**Given records:**
---------------

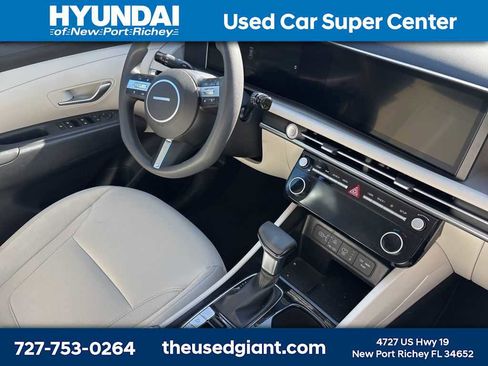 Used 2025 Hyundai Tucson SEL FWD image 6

---------------

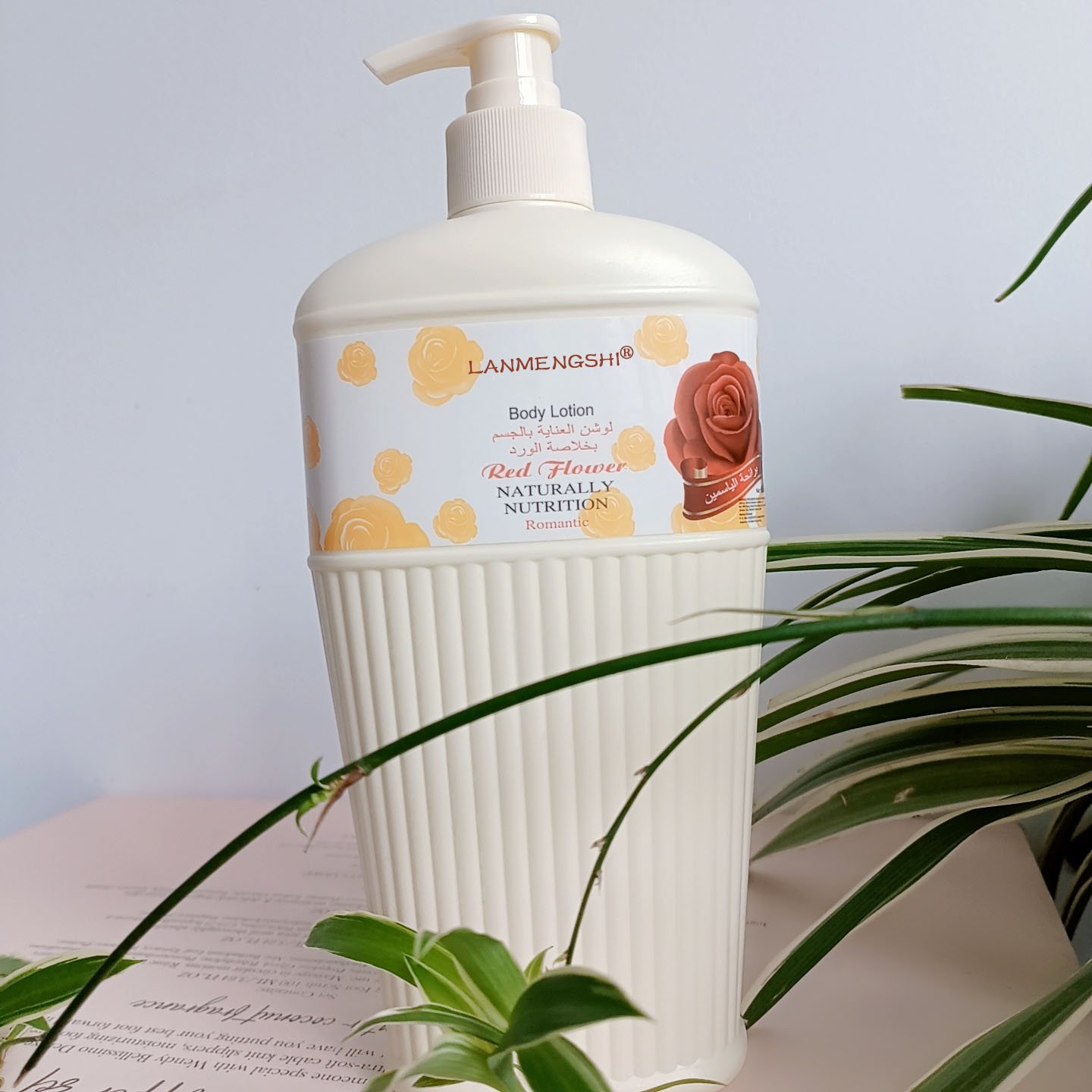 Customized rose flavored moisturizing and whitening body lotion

---------------

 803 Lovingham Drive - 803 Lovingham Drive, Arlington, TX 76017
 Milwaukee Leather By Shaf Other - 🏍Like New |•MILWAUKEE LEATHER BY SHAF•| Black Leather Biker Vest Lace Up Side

---------------

**Your assignment:**
Among the entries above, copy exactly only the lines starting with the one containing "803 Lovingham Drive - 803" and going through the one containing "Milwaukee Leather By Shaf Other", both ends included.

**Task response:**
 803 Lovingham Drive - 803 Lovingham Drive, Arlington, TX 76017
 Milwaukee Leather By Shaf Other - 🏍Like New |•MILWAUKEE LEATHER BY SHAF•| Black Leather Biker Vest Lace Up Side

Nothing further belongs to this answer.